Diferentes mundos se entrecruzam; é assim caracterizada como a ―intersecção entre o mundo do texto e o mundo do ouvinte ou do leitor. A interseção, pois, do mundo configurado pelo poema e do mundo no qual a ação efetiva exibe-se e exibe sua temporalidade específica‖ (RICOEUR, 1994a, p. 110). É muito interessante salientar que o leitor/ouvinte abre-se a uma realidade diferente da sua. Ao interpretar, apropria-se e deixa-se influenciar por um mundo que o transforma e é por ele transformado, mediante a sua capacidade de acolhimento.

O que é comunicado, em última instância, é, para além do sentido de uma obra, o mundo que ela projecta e que constitui o seu horizonte. Nesse sentido, o ouvinte ou leitor recebem-no segundo a sua própria capacidade de acolhimento que, também ela, se define por uma situação ao mesmo tempo limitada e aberta a um horizonte de mundo. O termo horizonte e aquele, correlativo, de um mundo aparecem assim duas vezes na definição acima sugerida de mimesis III: intersecção entre o mundo do texto e o mundo do ouvinte ou do leitor (RICOEUR, 1994, v. 1, p. 351).
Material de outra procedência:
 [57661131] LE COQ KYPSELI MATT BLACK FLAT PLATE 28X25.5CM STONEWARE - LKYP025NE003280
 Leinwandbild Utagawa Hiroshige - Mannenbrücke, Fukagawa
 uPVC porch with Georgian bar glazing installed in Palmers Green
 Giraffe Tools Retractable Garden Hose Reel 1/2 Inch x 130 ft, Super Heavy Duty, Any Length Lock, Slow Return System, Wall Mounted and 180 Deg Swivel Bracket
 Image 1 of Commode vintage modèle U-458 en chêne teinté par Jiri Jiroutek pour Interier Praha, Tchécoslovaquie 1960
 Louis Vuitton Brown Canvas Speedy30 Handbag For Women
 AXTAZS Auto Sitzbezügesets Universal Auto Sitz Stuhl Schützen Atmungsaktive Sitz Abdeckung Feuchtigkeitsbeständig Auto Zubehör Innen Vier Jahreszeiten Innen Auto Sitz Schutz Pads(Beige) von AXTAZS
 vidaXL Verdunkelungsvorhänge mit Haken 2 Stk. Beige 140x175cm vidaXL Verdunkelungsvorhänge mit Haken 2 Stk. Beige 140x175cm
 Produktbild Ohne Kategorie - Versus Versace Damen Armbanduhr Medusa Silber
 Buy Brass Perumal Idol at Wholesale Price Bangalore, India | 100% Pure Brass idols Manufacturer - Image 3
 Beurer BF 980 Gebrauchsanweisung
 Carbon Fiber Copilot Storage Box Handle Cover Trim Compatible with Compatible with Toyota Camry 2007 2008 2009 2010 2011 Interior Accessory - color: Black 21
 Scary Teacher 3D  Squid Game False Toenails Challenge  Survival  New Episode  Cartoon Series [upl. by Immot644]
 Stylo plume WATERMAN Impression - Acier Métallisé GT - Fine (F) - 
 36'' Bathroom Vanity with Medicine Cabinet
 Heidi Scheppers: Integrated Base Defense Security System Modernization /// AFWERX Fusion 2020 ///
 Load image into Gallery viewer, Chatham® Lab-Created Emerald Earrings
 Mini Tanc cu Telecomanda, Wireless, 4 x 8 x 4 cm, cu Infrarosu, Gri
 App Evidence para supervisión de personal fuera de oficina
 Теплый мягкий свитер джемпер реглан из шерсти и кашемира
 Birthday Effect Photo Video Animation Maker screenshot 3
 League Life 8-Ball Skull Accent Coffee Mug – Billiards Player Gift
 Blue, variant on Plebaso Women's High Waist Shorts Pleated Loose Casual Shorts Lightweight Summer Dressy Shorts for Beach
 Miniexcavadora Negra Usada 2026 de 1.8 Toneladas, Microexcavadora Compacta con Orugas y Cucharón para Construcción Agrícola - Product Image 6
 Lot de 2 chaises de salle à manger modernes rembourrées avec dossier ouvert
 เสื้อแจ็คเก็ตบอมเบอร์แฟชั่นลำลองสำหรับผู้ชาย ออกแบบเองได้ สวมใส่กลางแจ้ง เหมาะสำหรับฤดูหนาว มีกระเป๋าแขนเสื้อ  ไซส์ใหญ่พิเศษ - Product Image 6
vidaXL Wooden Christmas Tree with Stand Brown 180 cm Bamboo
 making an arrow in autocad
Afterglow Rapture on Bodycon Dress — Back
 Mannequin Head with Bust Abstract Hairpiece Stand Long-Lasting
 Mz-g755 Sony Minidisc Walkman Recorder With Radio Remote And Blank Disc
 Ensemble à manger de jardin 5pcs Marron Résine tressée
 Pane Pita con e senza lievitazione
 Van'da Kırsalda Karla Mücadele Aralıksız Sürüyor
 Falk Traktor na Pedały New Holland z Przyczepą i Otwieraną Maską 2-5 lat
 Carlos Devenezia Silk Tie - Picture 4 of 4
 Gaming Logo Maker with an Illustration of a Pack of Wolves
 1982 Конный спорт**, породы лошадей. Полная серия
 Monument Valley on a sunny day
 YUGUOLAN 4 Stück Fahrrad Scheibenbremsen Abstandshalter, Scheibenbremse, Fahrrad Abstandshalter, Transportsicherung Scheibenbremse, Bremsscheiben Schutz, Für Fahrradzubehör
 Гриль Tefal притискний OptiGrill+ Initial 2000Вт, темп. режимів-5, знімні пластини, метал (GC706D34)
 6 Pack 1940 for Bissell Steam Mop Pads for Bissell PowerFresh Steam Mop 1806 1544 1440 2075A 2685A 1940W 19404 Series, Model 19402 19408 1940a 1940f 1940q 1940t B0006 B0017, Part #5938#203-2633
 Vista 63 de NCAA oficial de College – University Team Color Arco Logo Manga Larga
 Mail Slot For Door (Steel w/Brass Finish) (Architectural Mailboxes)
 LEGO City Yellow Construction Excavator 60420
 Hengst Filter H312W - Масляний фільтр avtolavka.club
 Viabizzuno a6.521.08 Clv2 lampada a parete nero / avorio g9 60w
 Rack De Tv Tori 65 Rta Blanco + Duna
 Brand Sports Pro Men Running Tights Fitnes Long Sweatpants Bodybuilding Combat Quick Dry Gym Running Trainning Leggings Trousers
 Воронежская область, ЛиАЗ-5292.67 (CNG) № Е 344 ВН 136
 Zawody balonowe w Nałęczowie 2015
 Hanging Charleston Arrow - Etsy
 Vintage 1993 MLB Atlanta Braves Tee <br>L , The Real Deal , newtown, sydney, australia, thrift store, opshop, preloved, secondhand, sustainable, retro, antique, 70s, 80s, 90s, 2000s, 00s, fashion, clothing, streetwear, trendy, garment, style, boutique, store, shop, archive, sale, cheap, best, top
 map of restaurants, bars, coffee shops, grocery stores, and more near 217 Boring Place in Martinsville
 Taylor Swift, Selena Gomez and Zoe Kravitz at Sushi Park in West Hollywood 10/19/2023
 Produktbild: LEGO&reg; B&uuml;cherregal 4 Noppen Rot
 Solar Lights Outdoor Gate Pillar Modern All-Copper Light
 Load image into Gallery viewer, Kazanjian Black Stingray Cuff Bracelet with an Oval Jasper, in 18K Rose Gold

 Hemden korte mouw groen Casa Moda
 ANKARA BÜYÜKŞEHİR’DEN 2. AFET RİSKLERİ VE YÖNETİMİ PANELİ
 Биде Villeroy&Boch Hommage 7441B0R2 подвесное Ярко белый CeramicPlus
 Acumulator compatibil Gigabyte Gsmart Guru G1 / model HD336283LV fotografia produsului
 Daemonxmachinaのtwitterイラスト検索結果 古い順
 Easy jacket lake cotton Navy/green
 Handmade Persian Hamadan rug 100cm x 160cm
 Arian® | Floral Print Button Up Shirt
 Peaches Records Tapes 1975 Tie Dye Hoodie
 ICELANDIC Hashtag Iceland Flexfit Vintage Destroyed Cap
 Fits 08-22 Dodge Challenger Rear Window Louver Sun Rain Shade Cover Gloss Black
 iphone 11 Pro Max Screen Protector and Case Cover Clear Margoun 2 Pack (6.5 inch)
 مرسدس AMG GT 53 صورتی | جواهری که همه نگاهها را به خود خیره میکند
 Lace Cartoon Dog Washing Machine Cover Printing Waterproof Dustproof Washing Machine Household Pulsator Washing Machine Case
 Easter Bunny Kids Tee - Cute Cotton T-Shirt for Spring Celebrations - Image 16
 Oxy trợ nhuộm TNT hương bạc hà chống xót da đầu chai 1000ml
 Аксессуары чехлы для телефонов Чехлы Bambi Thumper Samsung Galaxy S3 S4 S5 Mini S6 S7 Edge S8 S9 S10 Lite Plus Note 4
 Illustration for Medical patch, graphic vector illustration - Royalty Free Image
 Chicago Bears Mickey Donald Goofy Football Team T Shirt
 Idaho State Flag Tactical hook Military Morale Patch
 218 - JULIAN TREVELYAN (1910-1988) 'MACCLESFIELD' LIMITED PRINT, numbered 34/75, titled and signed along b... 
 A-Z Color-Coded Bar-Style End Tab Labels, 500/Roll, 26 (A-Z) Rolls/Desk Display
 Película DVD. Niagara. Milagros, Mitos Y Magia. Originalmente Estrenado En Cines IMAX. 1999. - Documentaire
O entrecruzamento a que se refere o autor trata de uma fusão de horizontes distintos, ou seja, mesmo que leitor/ouvinte e escritor tragam aspectos históricos, temporais e culturais

diferentes, ao recebê-los e assimilá-los por meio do texto, reconstituem tais aspectos, apropriando-se deles (no sentido de tornar familiar e seu, o que era distante e desconhecido). Significa estar aberto a uma nova proposta de estar no mundo, compreender-se e compreendê- lo: ―...esta não está atrás do texto, como estava uma intenção encoberta, mas diante dele como aquilo que a obra desenvolve, descobre, revela. A partir daí, compreender é

compreender-se diante do texto‖ (RICOEUR, 1994, p. 353). Assim, o texto irá se revelando,

sendo desnudado na relação escritor e intérprete.

Como já retratado, esse é um processo que se encerra em si mesmo. ―Aprender a narrar-se é também aprender a narrar a si mesmo de outro modo‖ (RICOEUR, 2006, p. 115). Acredito que é um exercício o qual colabora para a [auto] compreensão dos sujeitos docentes sobre as suas trajetórias no contexto de um Instituto Federal. Ao compor e verbalizar as vivências adquiridas, a reflexão poderá ser importante prática para fomentar processos autoformativos4. Debruçar-me sobre as tramas construídas e compreendê-las demandava uma estratégia de análise que possibilitasse apreender os sentidos imersos nos discursos elaborados no campo narrativo. Para tanto, optei pela análise textual discursiva; por meio dessa reflexão, penso que se efetivou o movimento interpretativo de caráter hermenêutico proposto no trabalho.